Go Green Wilmette
- Formation: 2006; 19 years ago
- Type: Nonprofit
- Tax ID no.: 26-2212201
- Legal status: 501(c)(3)
- Headquarters: Wilmette, Illinois
- Board President: Beth Drucker
- Website: gogreenwilmette.org

= Go Green Wilmette =

Nonprofit organization in Illinois, US

Go Green Wilmette is a non-profit grassroots environmental organization in Wilmette, Illinois. It was founded in 2006 with the goal of establishing an Environmental Commission as part of the village's government. The organization's current president is Beth Drucker. Its mission is "to raise environmental awareness in Wilmette and to inspire people to take action to make a difference." The group has played an activist role in Wilmette on such issues as recycling, leaf blowers, green lawn care, and car idling, and generally acts as a clearinghouse on environmental issues in the Village and neighboring communities.

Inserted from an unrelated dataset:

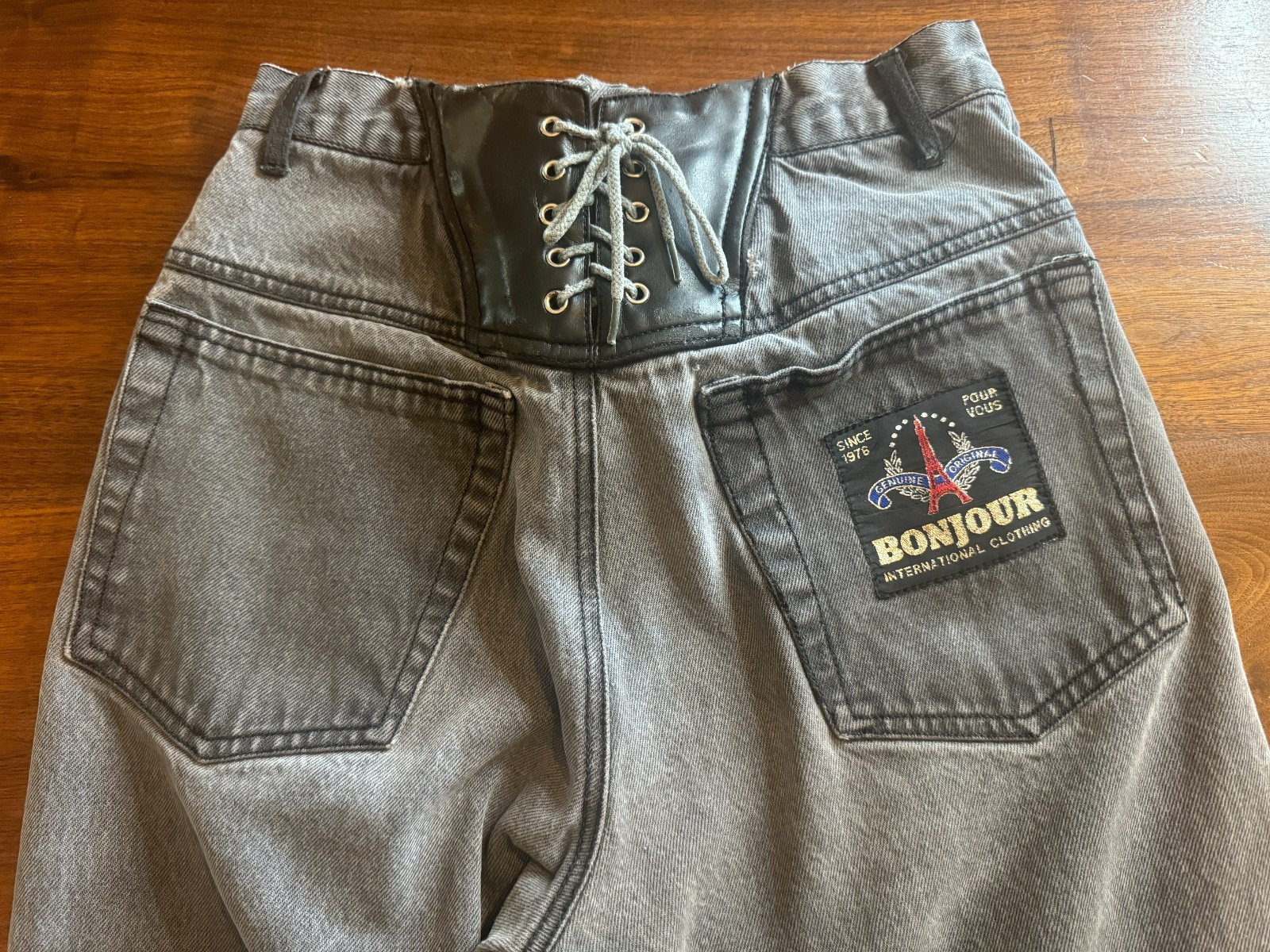 80s BON JOUR Black Zipper/Tapered Ankles Jeans Leather/Tie Back Waist 24×30 READ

Go Green Wilmette assists local schools with environmental initiatives, such as school gardens, recycling, and composting. Go Green Wilmette also co-hosts a Greener Choices series of speakers, books, and films with the Wilmette Public Library on a variety of topics, including climate, beekeeping, sustainable agriculture, and organic vegetable gardening. The group organizes periodic educational field trips for community members. Each fall, Go Green Wilmette organizes a climate action event, urging the community to participate in what has become a global movement promoted by 350.org.

Since March 2007, Go Green Wilmette has partnered with the Village of Wilmette to host the Going Green Matters environmental fair, a sustainable living event that recycled two semi-tractor-trailers full of consumer electronics. Going Green Matters topics have included solar energy, water conservation, energy efficiency and conservation, transportation, green vehicles, sustainable agriculture, composting, home and garden, recycling, waste reduction, and reuse.